Within the listing that follows, reproduce exactly the lines starting at the line with "Pinko graffiti-print jumper" and ending at the line with "Imagen 3 de", inclusive, and only those. Pictures are dropped.

── Extracted entries

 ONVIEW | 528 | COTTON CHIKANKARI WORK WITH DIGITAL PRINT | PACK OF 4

────
── Extracted entries

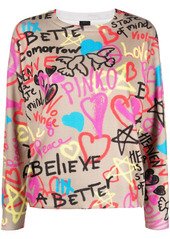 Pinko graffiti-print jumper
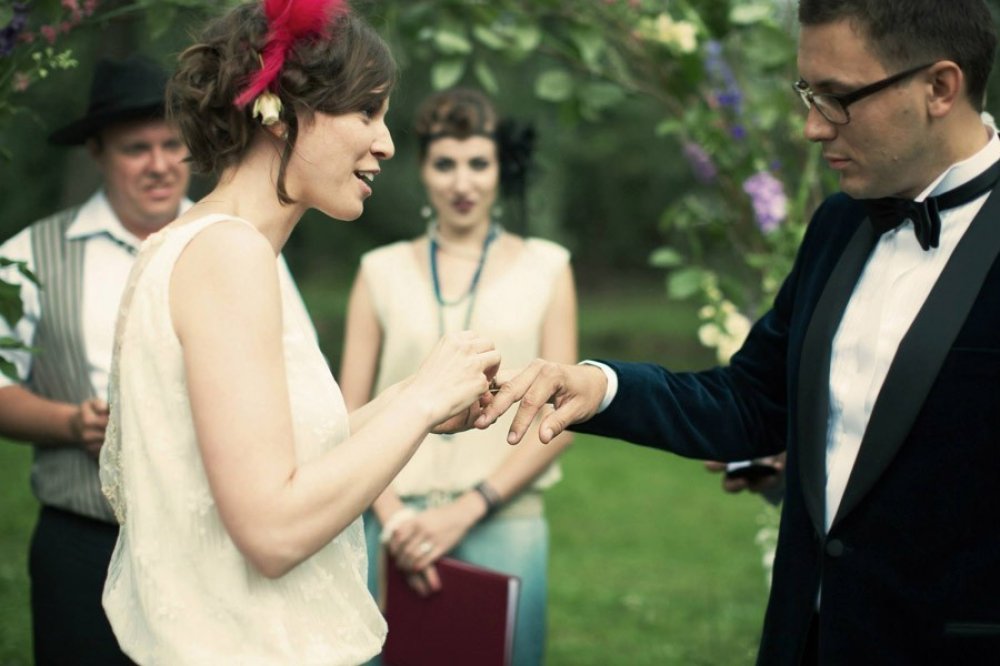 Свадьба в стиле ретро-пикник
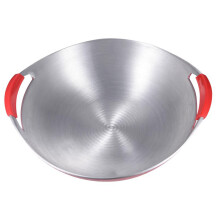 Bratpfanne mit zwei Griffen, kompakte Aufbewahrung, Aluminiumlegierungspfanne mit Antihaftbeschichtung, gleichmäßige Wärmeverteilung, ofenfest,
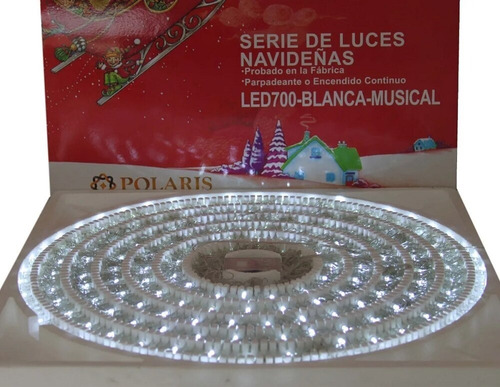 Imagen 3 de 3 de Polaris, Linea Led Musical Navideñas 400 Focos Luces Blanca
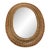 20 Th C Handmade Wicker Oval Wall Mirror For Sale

────

• **Answer section**
 Pinko graffiti-print jumper
 Свадьба в стиле ретро-пикник
 Bratpfanne mit zwei Griffen, kompakte Aufbewahrung, Aluminiumlegierungspfanne mit Antihaftbeschichtung, gleichmäßige Wärmeverteilung, ofenfest,
 Imagen 3 de 3 de Polaris, Linea Led Musical Navideñas 400 Focos Luces Blanca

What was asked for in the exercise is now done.